The Roman Catholic Church on Friday defended its "right and duty" to spread its message to non-believers and to welcome converts, particularly from other Christian churches.

A document from the Vatican's doctrinal department also rejected charges from some quarters that spreading the faith and receiving converts amounted to proselytism, or seeking new members aggressively or through coercion.

The document comes after the Russian Orthodox Church accused Catholics of trying to poach souls in the former Soviet Union and as a growing number of Anglicans are converting to Catholicism following deep divisions in their own Church.

The 19-page "Note on Some Aspects of Evangelisation," was written by the Vatican's Congregation for the Doctrine of the Faith, which Pope Benedict headed until his election as pontiff in 2005.

Evangelisation, the document said, was "an inalienable right and duty, an expression of religious liberty ...", adding that the right to share one's own faith with others is not respected in some countries.

It said the note had been made necessary to contrast notions, including from some Catholic theologians, that attempts to convince others of the primacy of Catholicism was a limitation of their freedom.

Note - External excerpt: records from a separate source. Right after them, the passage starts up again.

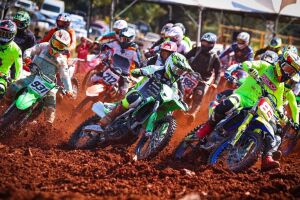 Elite do motocross disputa MX1 GP Brasil em Santa Cruz do Capibaribe (PE)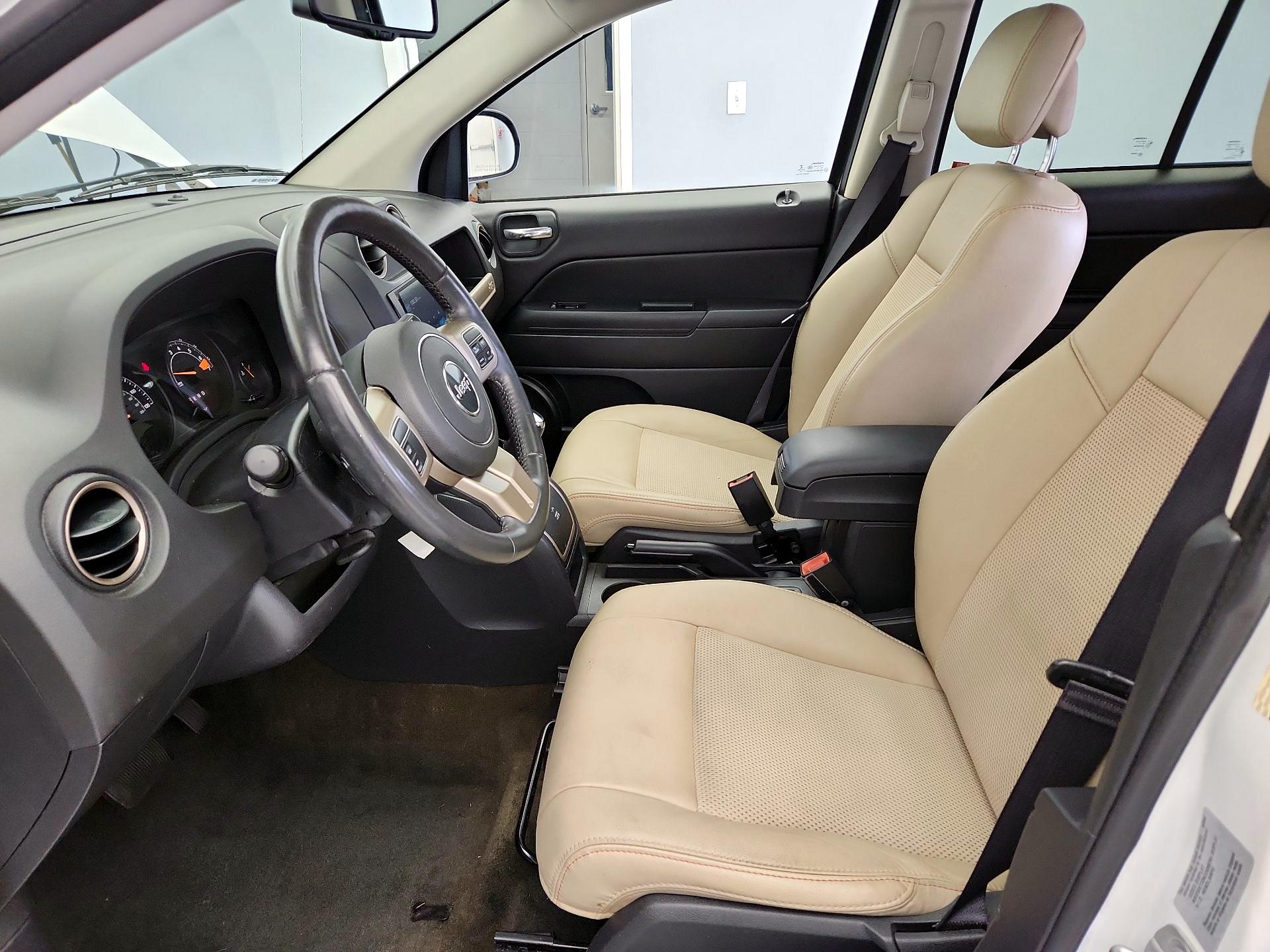 Thumbnail: 2016 Jeep Compass - 11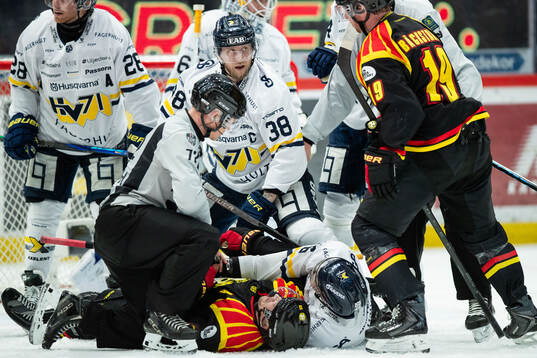 HV71s Olle Alsing, Brynäs Jakob Silfverberg och HV71s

"The incorporation of new members into the Church is not the expansion of a power group, but rather entrance into the network of friendship with Christ which connects heaven and earth, different continents and age. It is entrance into the gift of communion with Christ ...," the document said.


CONVERSIONS

Previous documents by the same doctrinal department have angered other Christians. Last July, one such document said Christian denominations outside Roman Catholicism were not full churches of Jesus Christ.

One section of Friday's document was dedicated to how Catholics should deal with conversions from other Christian churches.

It said that when other Christians asked to become Catholics "for reasons of conscience" and because they are "convinced of Catholic truth" this should be seen as a divinely inspired "expression of freedom of conscience and of religion."

In recent years a growing number of Anglicans, opposed to the ordination of women and gay bishops, have asked to convert to Catholicism. Three former bishops of the Episcopal Church, the United States wing of Anglicanism, have converted this year.

Former British Prime Minister Tony Blair is expected to convert to Catholicism soon.

The Vatican is working on a missionary "code of conduct" with Protestant, Anglican, Orthodox and evangelical leaders to help reduce tensions among Christians and with other faiths that have been caused by aggressive evangelisation drives.

Vigorous evangelisation by Pentecostal and evangelical missionaries in developing countries has angered Muslims and Hindus and led to arrests of missionaries and converts as well as anti-conversion laws in some countries.